S’il est vrai, comme l'affirme Breton dans le Manifeste du surréalisme, que
“le langage a été donné à l'homme pour qu’il en fasse un usage surréaliste”, nul
mieux que Péret n’a usé du langage de façon plus constamment, plus profondément,
plus évidemment surréaliste.
Toute
l’œuvre poétique de Péret est placée sous le signe de l’émancipation des mots. Si
Hugo peut prétendre avoir mis un bonnet rouge au vieux dictionnaire, Péret a introduit
un tel désordre parmi le peuple des mots, brouillant toutes les définitions, établissant
de nouvelles identités, pervertissant les significations, qu'il a littéralement
rendu caduques les anciennes catégories lexicales, comme le vent d'automne effeuille
les arbres afin de leur préparer un printemps plus vigoureux.
De
tous les poètes surréalistes, Péret est celui qui a pratiqué l'écriture automatique
avec le plus de ferveur, de régularité et de spontanéité. Dans ses poèmes comme
dans ses contes - Péret subvertit le continuum logique. Il lance sur les rails du
discours traditionnel, des trains de mots inhabituels, de façon à provoquer des
déraillements exemplaires. Pour multiplier les accidents de ce genre, il cède à
tous les caprices du discours, il use et abuse de tout ce que la syntaxe permet:
relatives en chaînes, qui sans cesse relancent le propos, emploi de locutions conjonctives
qui obligent à trouver, coûte que coûte, des principales à l'abandon, locutions
consécutives qui justifient n'importe quelle conséquence errante. “Et si par hasard
vous vous trouvez subitement arrêtés, n'hésitez pas, forcez la porte de l'inconscient
et écrivez la première lettre de l'alphabet par exemple. La lettre A en vaut une
autre. Le fil d'Arianne reviendra de lui-même.” (Péret, L’Écriture automatique ,
1929). Dès lors tout est permis. Les mots enfin font l'amour, communiquent, échangent
leurs signifiés dans une souveraine liberté. Tout mot devient poétique. “Aussitôt
satisfait le besoin primordial auquel il correspond, le langage devient poésie”
(La Parole est à Péret, Mexico, 1943).
Le
premier recueil de poèmes de Péret, publiè en 1921, porte un titre très significatif:
Le Passager
du transatlantique. Quand on sait que Péret
passera dix années de sa vie en Amérique (Brésil 1929-1931, Mexique
1941-1948, Brésil encore 1955-1956) ce titre ne laisse pas de paraître quelque peu
prémonitoire.
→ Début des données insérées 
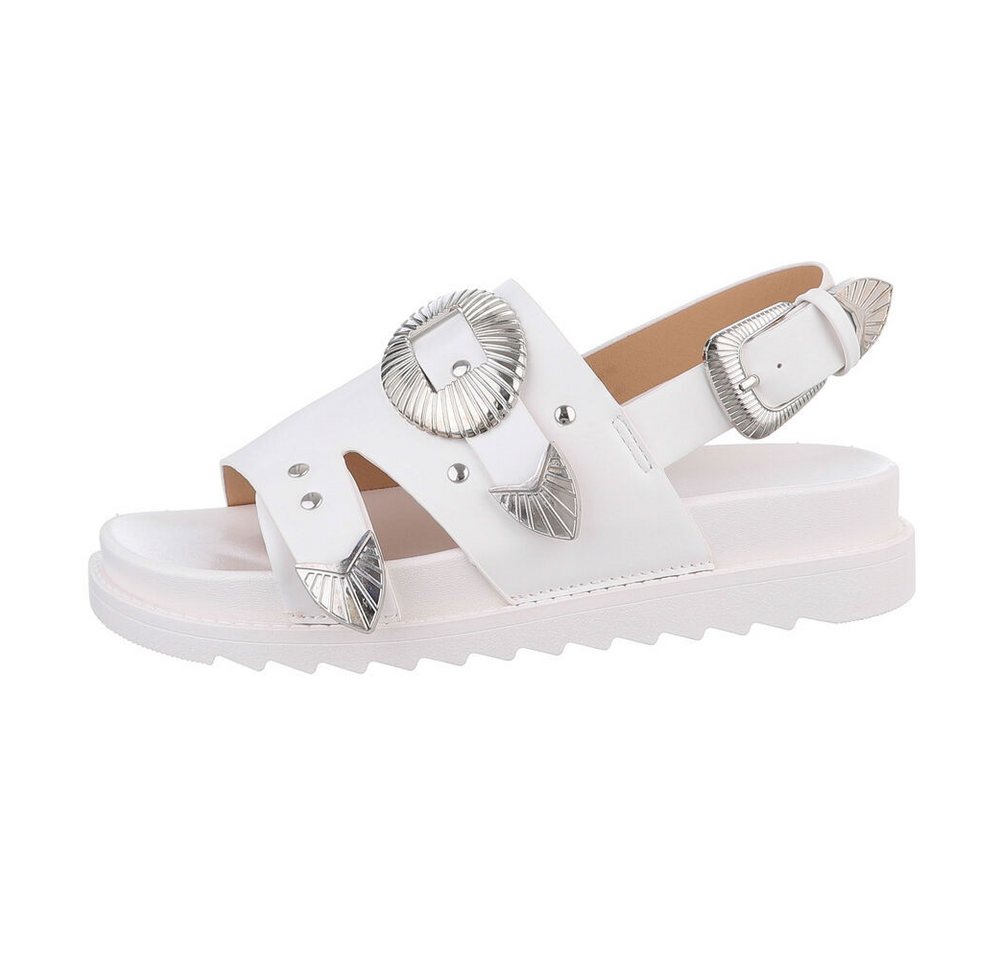 Ital-Design Damen Freizeit Riemchensandalette (85960149) Keilabsatz/Wedge Keilsandaletten in Weiß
Rien n’interdit de penser que le jeune Péret eut plusieurs fois l’occasion,
enfant, de rêver de départ pour des terres inconnues, en contemplant les gros bateaux
ancrés non loin de Rezé, où il demeurait, dans le port de Saint Nazaire d’où partaient
alors les lignes postales à destination de l'Amérique. En juillet 1921, deux ans
après les premiers textes automatiques des Champs magnétiques de Breton et
Soupault, quand Péret publie au Sans Pareil, dans la collection Dada ce recueil
de brefs poèmes, il a manifestement décidé, fidèle à l'injonction de Baudelaire,
d'appareiller… “pour trouver du nouveau”. Et le monde inconnu auquel nous convie
ce Passager du Transatlantique , est un royaume dépouillé, raréfié, où le
langage a cessé de remplir ses fonctions utilitaires élémentaires, sans encore atteindre
le nouveau continent poétique où il va s'épanouir. Ce premier livre poèmes-conversations
hérités d'Apollinaire, dialogues de sourds comme en propose le théâtre Dada, phrases
brisées, mots qui se cherchent et ne se trouvent pas sonne comme un avant-dire dans
l’œuvre de Péret.
Péret
attend 1924 pour publier six courts poèmes sous le titre Immortelle maladie.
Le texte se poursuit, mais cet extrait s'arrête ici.